My garden has gotten big enough that I do need a little help every now and again now and I’m glad to have it. Another resource I have to share is Design Build Maintain, LLC. They do great landscaping and hardscaping work, and I use them for things that I need help with physically like all of the wood chips I put down in the back because it’s so shaded grass won’t grow. They will also be helping me down the road with a little grading back on the other side of our storage shed to help the rain water run off the driveway versus pool at the bottom of the driveway.

As I mentioned in another post, I have also had some folks from multiple organizations approach me for inclusion on garden tours in the future.
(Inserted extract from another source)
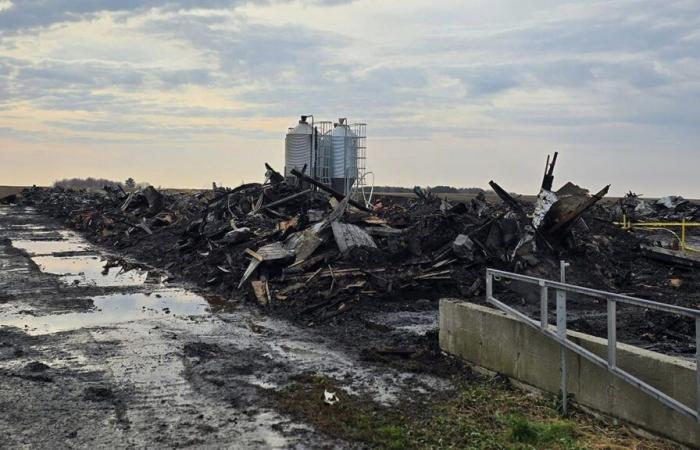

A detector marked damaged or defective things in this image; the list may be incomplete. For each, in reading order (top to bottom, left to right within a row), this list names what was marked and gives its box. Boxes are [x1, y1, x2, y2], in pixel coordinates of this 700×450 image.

After Fine Gardening Magazine featured some of my garden photos online this summer it seems people are truly interested. That is super flattering but I am not sure my garden is what they expect when they arrive.
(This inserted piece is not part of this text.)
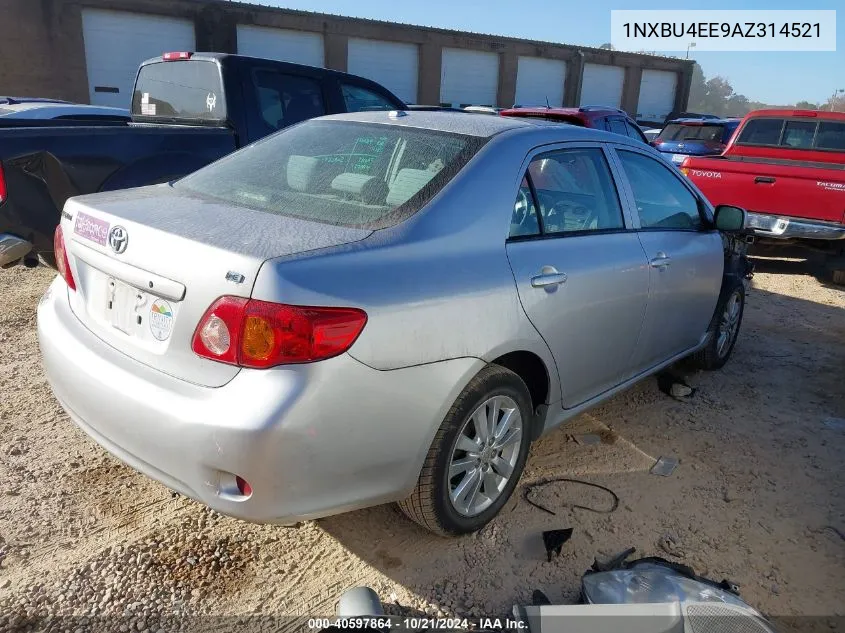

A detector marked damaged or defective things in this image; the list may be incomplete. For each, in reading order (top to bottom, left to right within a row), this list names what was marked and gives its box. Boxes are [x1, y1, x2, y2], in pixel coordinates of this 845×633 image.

detached headlight [584, 564, 756, 612]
My gardens are not formal. They are woodland gardens meet cottage gardens and they are layered. But I am not precisely David Culp’s Layered Gardens layered, either. I couldn’t be — his Brandywine Cottage gardens are a marvel and inspiring to me and my garden but his gardens are unique to his property. I still haven’t been there in person but I have studied his book extensively and love to check out his website . (Yes I have submitted a contact form a couple of times to ask if I could see the gardens in person, but haven’t heard back.)

My garden also isn’t fussy with fancy water features or a pool like I always see on garden tours. It is very individualistic and my personal vision. I have my inspirations as I have mentioned in the past, but my gardens are my own.
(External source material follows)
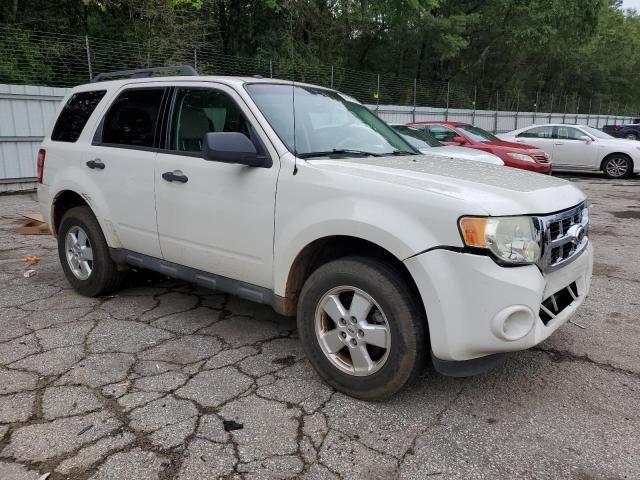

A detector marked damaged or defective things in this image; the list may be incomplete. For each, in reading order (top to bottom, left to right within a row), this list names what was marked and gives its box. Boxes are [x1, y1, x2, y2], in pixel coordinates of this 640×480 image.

I also don’t label every single plant in the ground. That was a criticism of one group which toured the garden for a tour inclusion and I will admit that put me off. They also criticized how I hadn’t pruned a young Japanese maple. They didn’t seem to get that it did not have enough growth on it to be pruned at this point. When you prune something is very important to consider with younger plants in your garden. When you prune and how much you prune ensures whether it will survive and succeed or not.

I do not have a formal Arboretum, it’s my personal garden, and while I am happy to share, I will not plant a forest of plastic stakes for anyone. While I would be honored to be included on local garden tours, my garden is my garden. I want people to be able to just experience the nature around them. To be able to pause and enjoy it. To take a seat on a garden bench and just enjoy a garden.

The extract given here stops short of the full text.